その日、チャイムが鳴って、朝の会が始まる時間になっても先生は来ませんでした。
クラスのまとめ役の子が、となりの教室をのぞきに行くと、どうやら同じように先生は来ていないようです。「先生がいない」という非日常の雰囲気にクラス中はざわめき、あちらこちらで歓声があがります。学級委員の男の子が、「静かにしてください!」と声をあげてから、教務室に様子を見に行きました。

集団になじめない癖がついていたわたしは、「大人たちがさらわれた!」とか、「この学校だけ時が止まった」とか、はしゃぐクラスメイトの誰にも声をかけず、「もう家に帰ろう」と、教科書をカバンに詰め替え、教室から出ました。大勢が楽しそうにしている中で、自分だけ誰に話しかけることもできない状況のさみしさと、盛り下げてすみませんという気持ちは、当時から変わりません。
下駄箱に向かう途中、どうしても気になって教務室を覗くと、テレビのまわりに先生たちが集まっていました。大人たちは誰もさらわれてはいないし、ちゃんと先生たちがいます。心の底で少しだけ、非日常にワクワクとしていた気持ちがしぼんでいくのを感じました。

その日、地下鉄サリン事件を起こした首謀者が逮捕されたと知ったのは、家に帰ってからでした。

小学生にとっては、学校と家だけが自分の知りうる世界です。
歩いていける範囲が世界。

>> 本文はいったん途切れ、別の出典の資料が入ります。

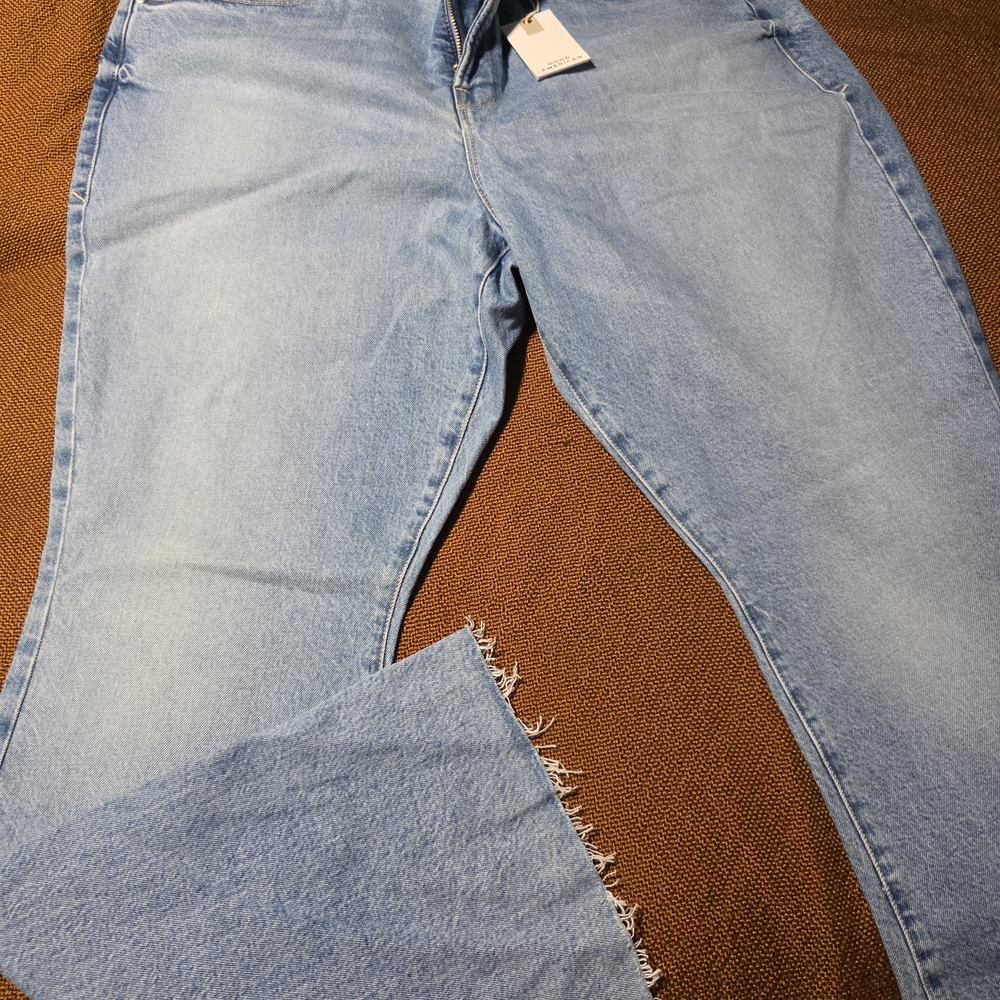 Good American Light Wash Wide-Leg Jeans with Frayed Hem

まわりを見渡して、目で見える範囲が世界です。テレビのチャンネルをどこに変えても、教務室で先生たちが見ていたのと同じ場面しか映りません。いま、目に見えている見慣れた家と、数時間もして祖父が帰宅すれば浴びせられるだろう罵声と、だいきらいな学校と、春の日差しがさすただ一本道の通学路と、テレビがうつす地獄のような世界は繋がっているのだと強く実感します。
もしかしてこの世界は、終わるのかもしれない。なんとなく、クラスメイトのことを思い出しました。結局、朝の会はあったのだろうか。

テレビを消しても現実は天国にはなりません。やはり、神さまなんていないよな、と思いました。

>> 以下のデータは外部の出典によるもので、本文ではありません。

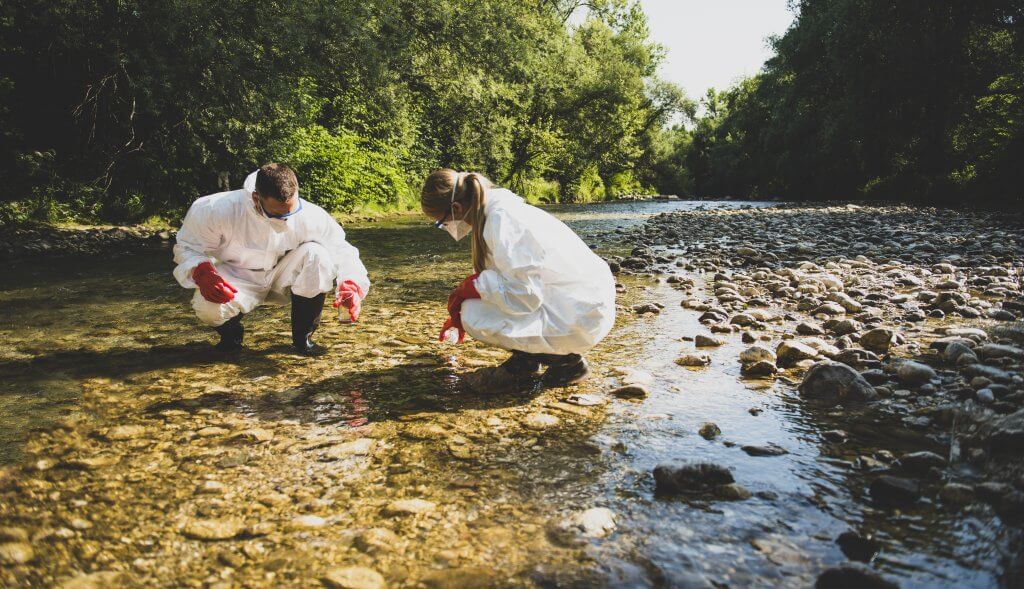 Image of two forensic scientists taking water samples in a contaminated river.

37205105464_466f2fe8be_z.jpg

本屋さんの自動ドアはわたしを感知してくれる

小学校・中学校・高校と、90年代カルチャーを正面から受けて、順調に不登校ぎみになりました。子どもの世界はせまいので、もてあました時間でどこか遠くに行けるわけでもなく、街の本屋さんをはしごしました。本屋さんはいつも誰かが立ち読みをしているし、レジには店員さんがいます。
学校のように、ドアを開けて教室に入っても透明人間のままではなく、本屋さんの自動ドアはわたしを感知してくれます。立ち読みの列にまぎれればわたしはいてもいなくても同じで、レジに本を持っていけば店員さんが価格を告げ、お金を受け取り、ブックカバーをかけてくれます。それだけのコミュニケーションに、わたしは満足していました。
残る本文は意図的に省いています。